Balka red nerve
Interview

Visiting an Art Collection Bałka's Red Nerve at Castello di Ama

A few months ago, we visited Ama (Toscany), and its breathtaking art collection – Castello di Ama per Arte Contemporanea. It was an extraordinary opportunity, courtesy of Lorenza Sebasti, who agreed to meet us and show us around the collection. Our conversation about the idea behind the collection and their relationships/friendships with artists you can find in our latest issue of Contemporary Lynx Magazine on paper. 

This time we would like to present a brief interview between Mirosław Bałka, whose work Red Nerve is part of this amazing collection, and Philip Larratt-Smith, the Canadian art curator who was working with Bourgeois as a literary archivist. Larratt-Smith was later invited to write an essay on Ama’s art. But finally, in 2015, they invited him to be the curator of this collection.
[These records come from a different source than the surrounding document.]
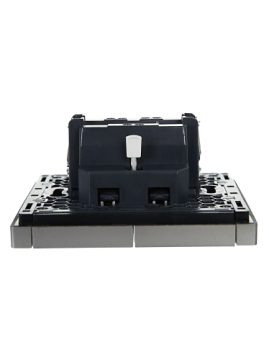 Выключатель 2-кл с индикатором FORTE&PIANO 10А FP506 (сталь) FP-V20-1-10-1-K46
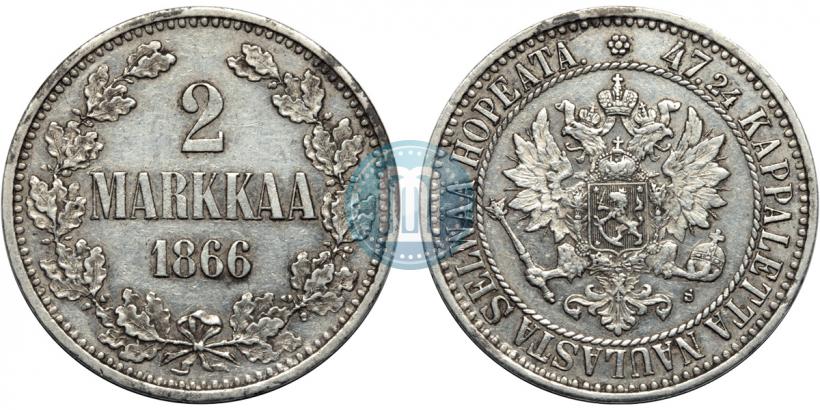 Picture 2 markkaa 1866 year S 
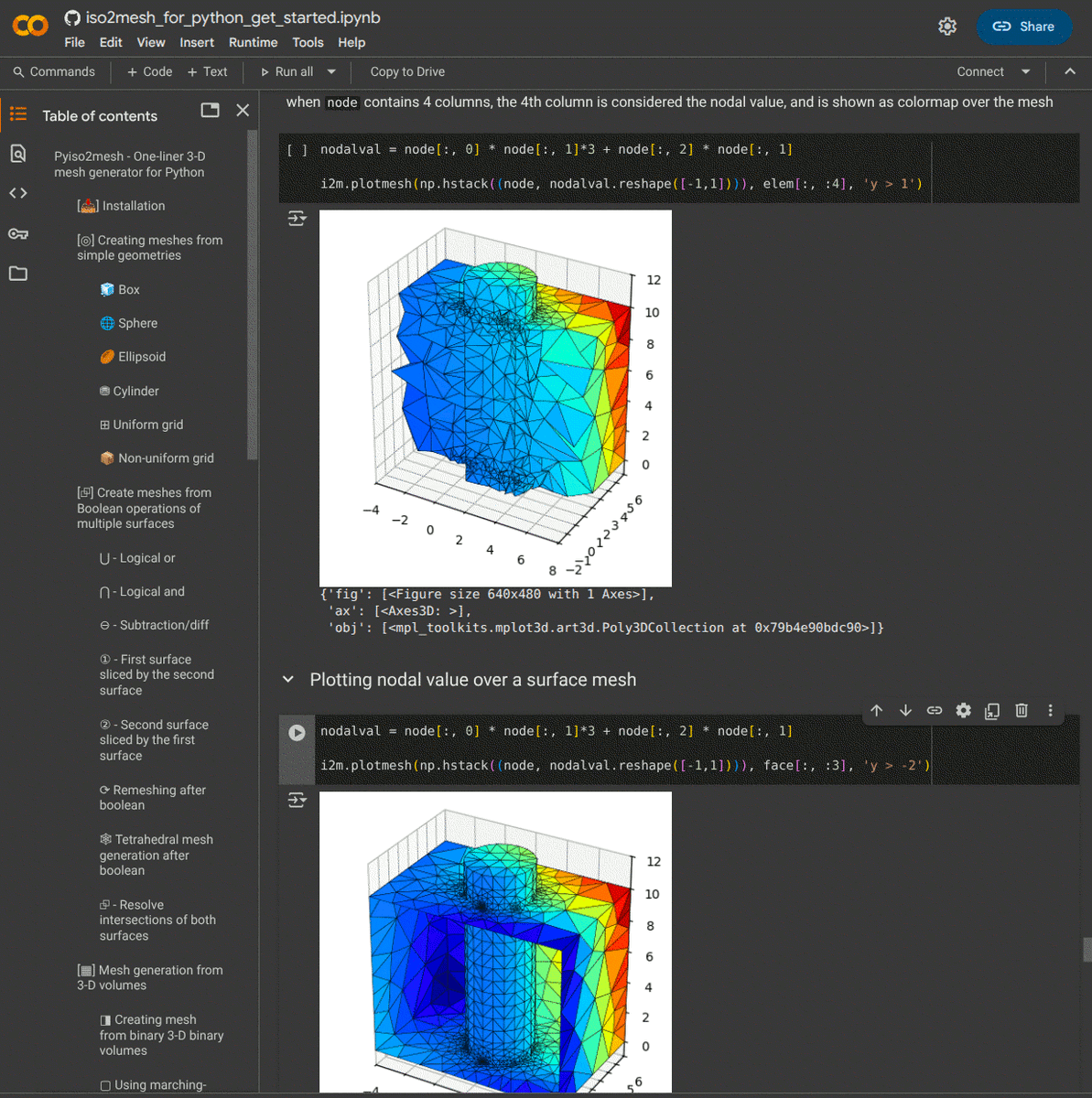 FangQ's tweet image. Checkout this #pyiso2mesh tutorial at
github.com/NeuroJSON/pyis…
You can also directly run it via @GoogleColab by clicking on this link
colab.research.google.com/github/NeuroJS…
Lots of progress have been made over the past week on porting/testing key #iso2mesh functions to #Python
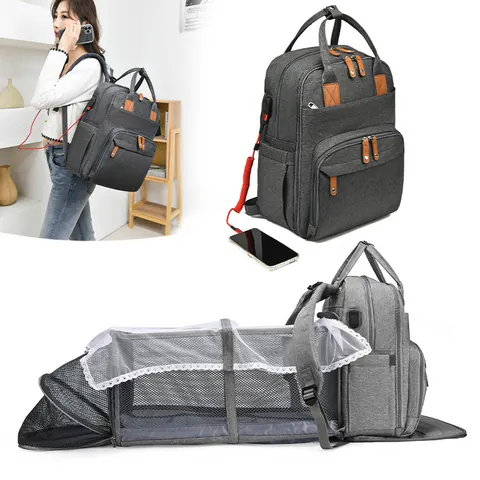 Large Capacity Diaper Bag Backpack With Foldable Travel Bassinet Waterproof Stroller Straps USB Charging Port Maternity Bag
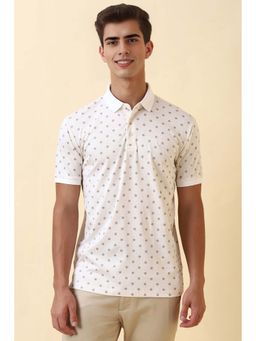 Allen Solly - Men White Printed Polo Neck T-Shirt
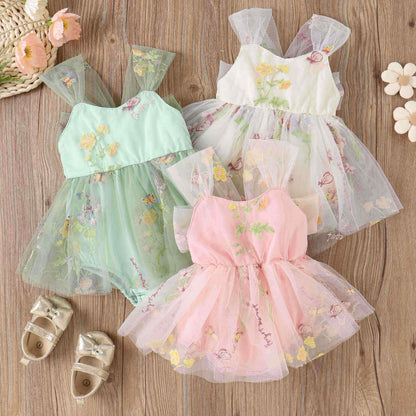 Girls' Embroidered Floral Mesh Princess Dress – Green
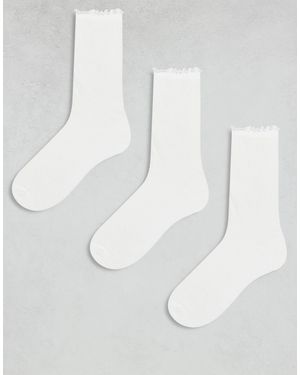 Pieces 3 Pack Pointelle Socks With Ruffle Trim - White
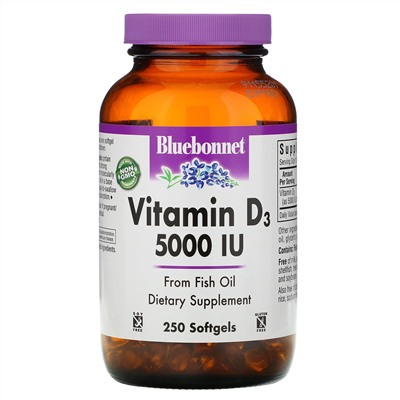 Bluebonnet Nutrition, витамин D3, 5000 МЕ, 250 мягких таблеток
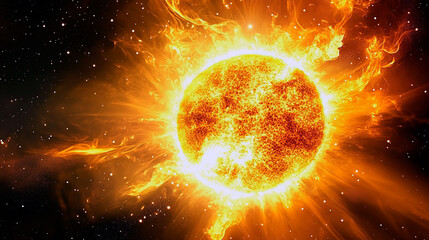 Obraz premium Sun Emitting Massive Solar Flares into the Cosmos During a Magnetic Storm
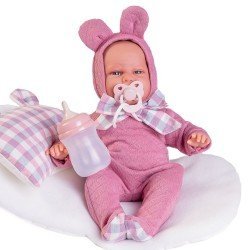 Poupée Antonio Juan 34 cm - Oreilles de bébé Carla nouveau-né avec berceau-coussin
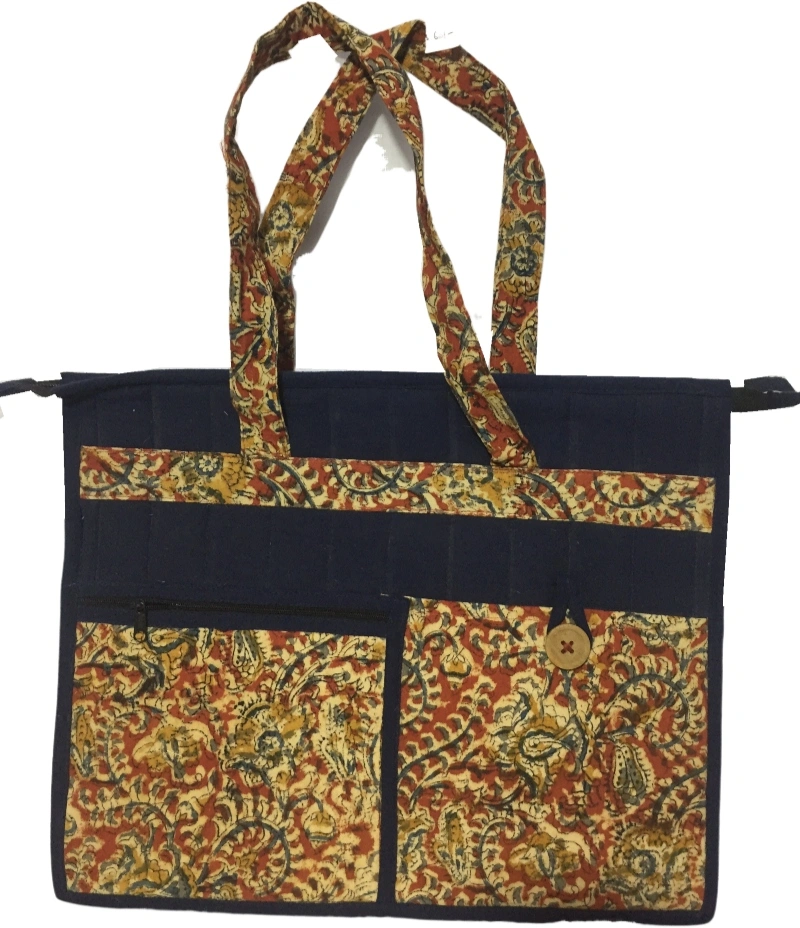 Jute and kalamkari laptop bag - blue : LBJ02-1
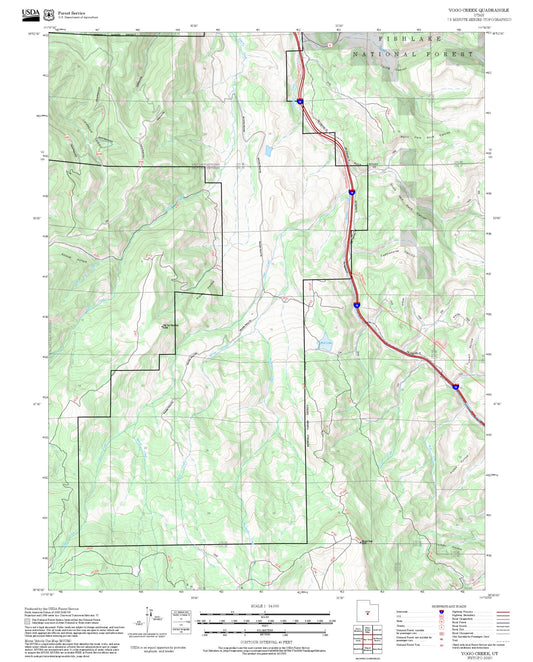 2025 Forest Service Topo Map of Yogo Creek Utah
Philip Larratt-Smith: What was it about the site of the cantina that spoke to you?

Mirosław Bałka: During the site visit I was looking for a space that was closely related to the process of wine production. So when I entered to the cantina I knew it was waiting for my intervention. It is rather constricted, with the strong presence of steel objects—silos, stairs, and a very high ceiling. The orchestra of the space was waiting for the gesture of a conductor.

Philip Larratt-Smith: red nerve belongs to a typology of form that you have developed before. Does situating it here at Ama add another dimension to its meaning?

Mirosław Bałka: red nerve is strongly related to the destiny of Castello di Ama—the process of growing and making wine. Red wine. The idea of a red nerve came to me when I saw the hard soil and new planted vines in spring time. I thought about extremely hard work which the roots of these plants have to do. How fragile and responsible they are in the underground darkness.

Philip Larratt-Smith: The fragility and delicacy of the work seems fitting for the moment we are living through. How does the larger situation—the climate emergency, for instance, or the rise of xenophobic nationalism in Poland and elsewhere—find its way into your art? Does red nerve have a sociopolitical dimension?

Mirosław Bałka: The last years have been extremely hard. In 1989, when the political order in Europe changed and the wind of democracy started to blow all over the East, I couldn’t imagine that after 30 years we will find ourselves in such a dark place. As an artist I’ve been touching the subject of these worries. As a people, we have to deal with this situation through our history and our political and social presence.

red nerve, being vertical in a tall dark space, can give us advice or rather a request: stay vertical, take care of your fragility, as this is a real value which you can offer to society. The nervous system has a critical function to perform in the human body.

Philip Larratt-Smith: Do you see the red thread as a movement from floor towards ceiling—as an ascent? Or is it that something drops from the sky and descends to earth? Does this movement have any spiritual or religious connotation?

Mirosław Bałka: red nerve goes from the ground straight up towards the light, but if you see it dropping from the sky that’s also right. Both movements can have spiritual connotations, but it’s very much an individual interpretation, which is what art is about. Probably.